TASK PROMPT
Where the word "Maison" appears in a line of the entries below, count that line and give the total alone.

[Opening RECORDS PROVIDED section]

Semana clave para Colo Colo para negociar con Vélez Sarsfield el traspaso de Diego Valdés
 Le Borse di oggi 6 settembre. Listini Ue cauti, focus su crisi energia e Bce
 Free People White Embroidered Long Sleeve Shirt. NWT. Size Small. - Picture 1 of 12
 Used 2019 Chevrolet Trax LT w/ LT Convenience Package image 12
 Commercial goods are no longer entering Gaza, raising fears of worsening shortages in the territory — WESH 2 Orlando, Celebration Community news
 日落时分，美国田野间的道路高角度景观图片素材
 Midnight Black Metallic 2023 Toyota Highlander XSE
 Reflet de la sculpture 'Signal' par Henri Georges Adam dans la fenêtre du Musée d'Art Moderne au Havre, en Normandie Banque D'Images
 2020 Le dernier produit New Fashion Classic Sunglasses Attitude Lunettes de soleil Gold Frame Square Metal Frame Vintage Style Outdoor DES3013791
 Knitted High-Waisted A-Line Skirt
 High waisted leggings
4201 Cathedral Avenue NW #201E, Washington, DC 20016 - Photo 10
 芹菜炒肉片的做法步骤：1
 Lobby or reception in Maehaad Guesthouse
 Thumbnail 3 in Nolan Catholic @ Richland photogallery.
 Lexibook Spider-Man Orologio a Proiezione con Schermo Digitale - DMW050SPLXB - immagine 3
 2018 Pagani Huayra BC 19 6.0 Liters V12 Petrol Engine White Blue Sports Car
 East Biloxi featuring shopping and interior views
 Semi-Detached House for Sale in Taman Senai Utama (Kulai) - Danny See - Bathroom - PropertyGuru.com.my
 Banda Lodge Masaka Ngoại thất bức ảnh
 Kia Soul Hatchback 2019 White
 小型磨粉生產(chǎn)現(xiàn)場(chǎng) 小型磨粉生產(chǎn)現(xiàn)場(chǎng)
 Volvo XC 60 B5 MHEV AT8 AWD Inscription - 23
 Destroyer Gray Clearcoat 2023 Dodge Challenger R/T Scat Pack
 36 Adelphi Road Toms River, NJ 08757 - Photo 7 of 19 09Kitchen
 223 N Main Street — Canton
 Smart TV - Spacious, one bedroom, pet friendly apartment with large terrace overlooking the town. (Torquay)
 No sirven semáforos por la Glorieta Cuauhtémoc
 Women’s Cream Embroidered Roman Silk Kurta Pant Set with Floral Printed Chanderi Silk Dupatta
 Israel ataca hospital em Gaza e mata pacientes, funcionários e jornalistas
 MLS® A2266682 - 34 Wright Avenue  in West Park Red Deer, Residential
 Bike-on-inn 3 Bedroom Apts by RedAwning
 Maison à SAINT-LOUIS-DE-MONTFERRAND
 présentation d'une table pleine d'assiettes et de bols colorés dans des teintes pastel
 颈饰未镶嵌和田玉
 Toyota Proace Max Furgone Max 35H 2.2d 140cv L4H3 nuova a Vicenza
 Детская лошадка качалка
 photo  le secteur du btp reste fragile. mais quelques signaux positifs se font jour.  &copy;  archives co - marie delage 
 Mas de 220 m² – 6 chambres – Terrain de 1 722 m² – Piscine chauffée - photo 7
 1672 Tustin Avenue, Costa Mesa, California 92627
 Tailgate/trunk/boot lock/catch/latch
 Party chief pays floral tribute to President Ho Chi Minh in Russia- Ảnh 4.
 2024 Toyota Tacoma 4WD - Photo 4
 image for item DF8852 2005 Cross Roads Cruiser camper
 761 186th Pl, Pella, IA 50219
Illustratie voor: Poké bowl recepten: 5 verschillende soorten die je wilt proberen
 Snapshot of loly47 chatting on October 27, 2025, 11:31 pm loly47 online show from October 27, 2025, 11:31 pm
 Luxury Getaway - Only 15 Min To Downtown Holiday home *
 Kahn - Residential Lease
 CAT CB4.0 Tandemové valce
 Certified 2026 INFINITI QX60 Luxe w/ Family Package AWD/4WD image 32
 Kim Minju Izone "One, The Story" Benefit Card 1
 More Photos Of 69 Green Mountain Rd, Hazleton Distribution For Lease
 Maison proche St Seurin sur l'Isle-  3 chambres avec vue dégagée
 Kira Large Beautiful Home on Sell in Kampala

[Closing RECORDS PROVIDED section]

YOUR RESPONSE
2